City University of Hong Kong Dep
Department of Chinese, Translation and Linguistics
Language Contact from a Simulation Perspective
Dr. GONG Tao
Engineering Laboratory (LEL), DSP and Speech Technology Laboratory (DSPSTL),
Department of Electronic Engineering,The Chinese University of Hong Kong
Date: 14 May 2007, Monday
Time: 4:30pm - 6:00pm
Venue: B7603 (Lift 3, 7/F, Blue Zone),Academic Building,CityU
Language contact is a heated topic in historical linguistics, and many empirical studies have reported some common contact patterns such as borrowing and substratum of pidgin and creole languages in the world. Social context and linguistic features play important roles in language contact. In this presentation, I first report a recent empirical study of a creole language, Daohua, which results from the contact of Tibetan and Mandarin in a particular social context and shows a special contact pattern. Apart from empirical studies, I would like to introduce the simulation perspective from computational linguistics to explore the effects of social context and linguistic features on language contact. After a brief introduction of some widely-adopted simulation techniques, I present two simulation studies: the first one discusses the effects of social hierarchy on the maintenance of communal language during intra-community contact, and the second one examines the effects of different linguistic features, such as lexical items and syntax (word order), on the convergence of two communal languages during inter-community contact. These simulation studies have shown that computational simulation is an efficient method to tackle linguistic problems, and it can assist empirical studies to provide more comprehensive understandings about human language and its evolution.

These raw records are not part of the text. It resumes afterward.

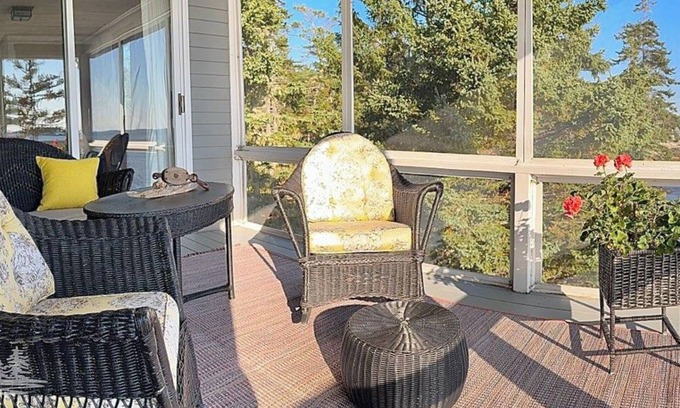 Newagen House | Unforgettable Oceanfront: Panoramic Ocean Views Await at Ledgemere Cottage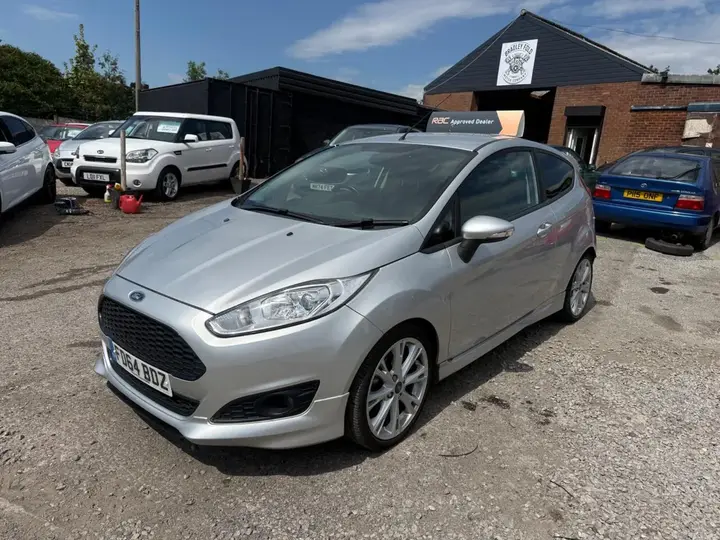 Ford Fiesta 2014 photo 4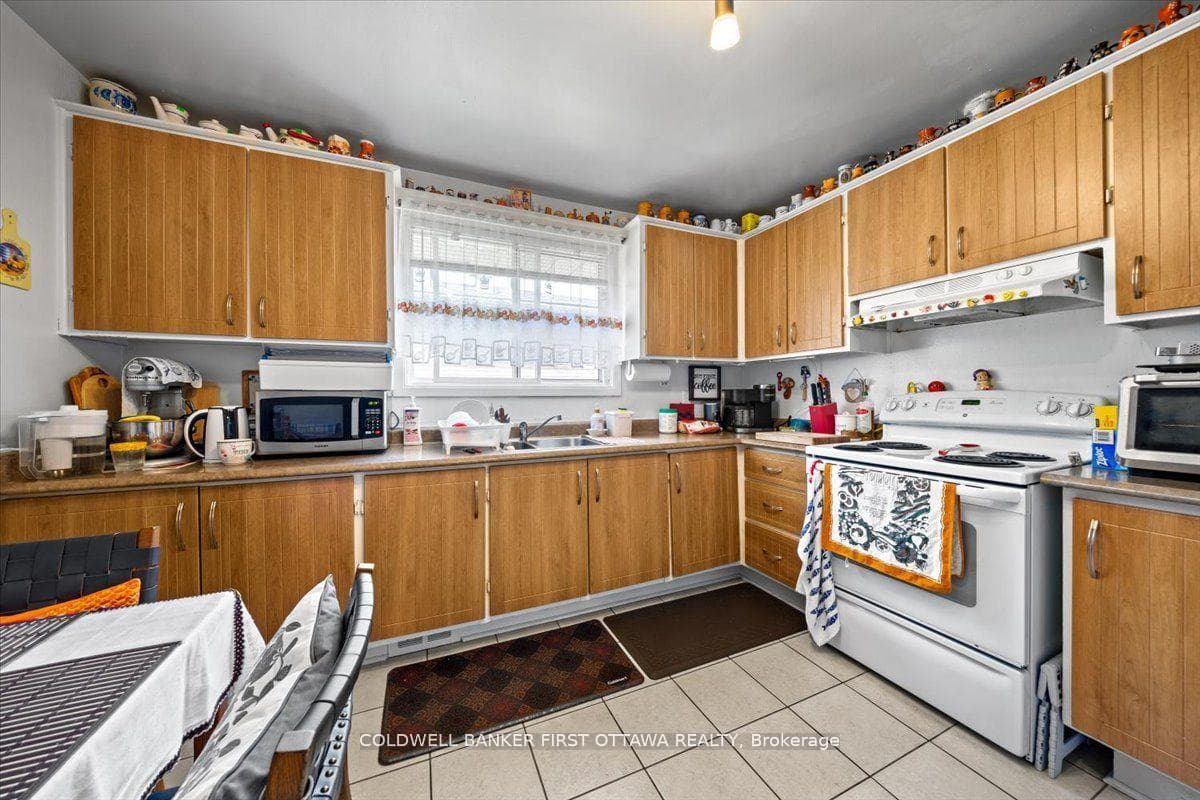 902 Watson Street photo 7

Dr. GONG Tao obtained his B.Sc. and M.Sc. in Sept. 2000 and Mar. 2003, respectively, from Dept. of EE, Tianjin University. He began his Ph.D. study in the Language Engineering Laboratory at CityU of HK in March 2003 and transferred to the DSP and Speech Technology Laboratory at Chinese U of HK in Sept. 2004. He has recently passed his Ph.D. oral defense. His research area is the computational simulation on language evolution and complex systems. By viewing language as a Complex Adaptive System and using simulation tools to study linguistic problems, this research can deepen our understanding of human languages, evolutionary computation and other language related studies. His current work is to take a "bottom-up" approach to explore the effects of collective behaviors of individual's cognitive and communicative actions on the evolution of linguistic components such as semantics and syntax. He has had many publications in international journals and conferences, including Language and Linguistics, Complexity, and Brain and Behavioral Sciences. He also gave invited talks at Oxford University and Edinburgh University.